Filtering problem (stochastic processes)

In the theory of stochastic processes, the filtering problem is a mathematical model for a number of state estimation problems in signal processing and related fields. The general idea is to establish a "best estimate" for the true value of some system from an incomplete, potentially noisy set of observations on that system. The problem of optimal non-linear filtering (even for the non-stationary case) was solved by Ruslan L. Stratonovich (1959,[1] 1960[2]), see also Harold J. Kushner's work [3] and Moshe Zakai's, who introduced a simplified dynamics for the unnormalized conditional law of the filter[4] known as Zakai equation. The solution, however, is infinite-dimensional in the general case.[5] Certain approximations and special cases are well understood: for example, the linear filters are optimal for Gaussian random variables, and are known as the Wiener filter and the Kalman-Bucy filter. More generally, as the solution is infinite dimensional, it requires finite dimensional approximations to be implemented in a computer with finite memory. A finite dimensional approximated nonlinear filter may be more based on heuristics, such as the Extended Kalman Filter or the Assumed Density Filters,[6] or more methodologically oriented such as for example the Projection Filters,[7] some sub-families of which are shown to coincide with the Assumed Density Filters.[8]
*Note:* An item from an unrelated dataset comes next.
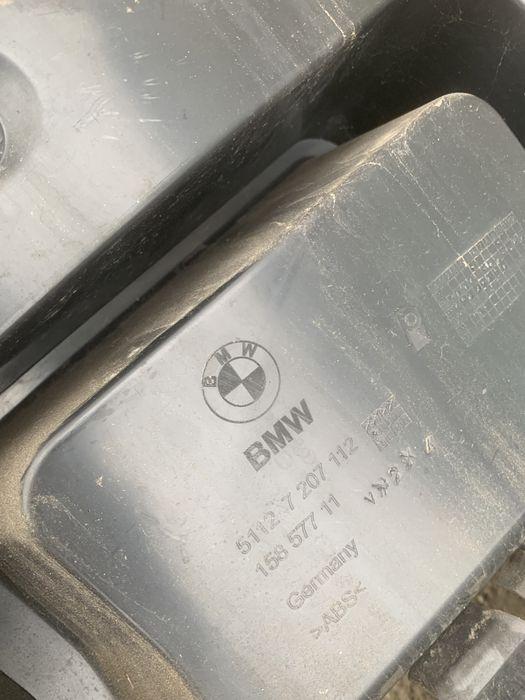 Suport/suporti bara spate bmw F11 seria 5, 2009-2017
In general, if the separation principle applies, then filtering also arises as part of the solution of an optimal control problem. For example, the Kalman filter is the estimation part of the optimal control solution to the linear-quadratic-Gaussian control problem.

The mathematical formalism

Consider a probability space (Ω, Σ, P) and suppose that the (random) state Yt in n-dimensional Euclidean space Rn of a system of interest at time t is a random variable Yt : Ω → Rn given by the solution to an Itō stochastic differential equation of the form

${\displaystyle \mathrm {d} Y_{t}=b(t,Y_{t})\,\mathrm {d} t+\sigma (t,Y_{t})\,\mathrm {d} B_{t},}$

where B denotes standard p-dimensional Brownian motion, b : [0, +∞) × Rn → Rn is the drift field, and σ : [0, +∞) × Rn → Rn×p is the diffusion field. It is assumed that observations Ht in Rm (note that m and n may, in general, be unequal) are taken for each time t according to

${\displaystyle H_{t}=c(t,Y_{t})+\gamma (t,Y_{t})\cdot {\mbox{noise}}.}$

Adopting the Itō interpretation of the stochastic differential and setting

${\displaystyle Z_{t}=\int _{0}^{t}H_{s}\,\mathrm {d} s,}$

this gives the following stochastic integral representation for the observations Zt:

${\displaystyle \mathrm {d} Z_{t}=c(t,Y_{t})\,\mathrm {d} t+\gamma (t,Y_{t})\,\mathrm {d} W_{t},}$

where W denotes standard r-dimensional Brownian motion, independent of B and the initial condition Y0, and c : [0, +∞) × Rn → Rn and γ : [0, +∞) × Rn → Rn×r satisfy

${\displaystyle {\big |}c(t,x){\big |}+{\big |}\gamma (t,x){\big |}\leq C{\big (}1+|x|{\big )}}$

for all t and x and some constant C.

The filtering problem is the following: given observations Zs for 0 ≤ s ≤ t, what is the best estimate Ŷt of the true state Yt of the system based on those observations?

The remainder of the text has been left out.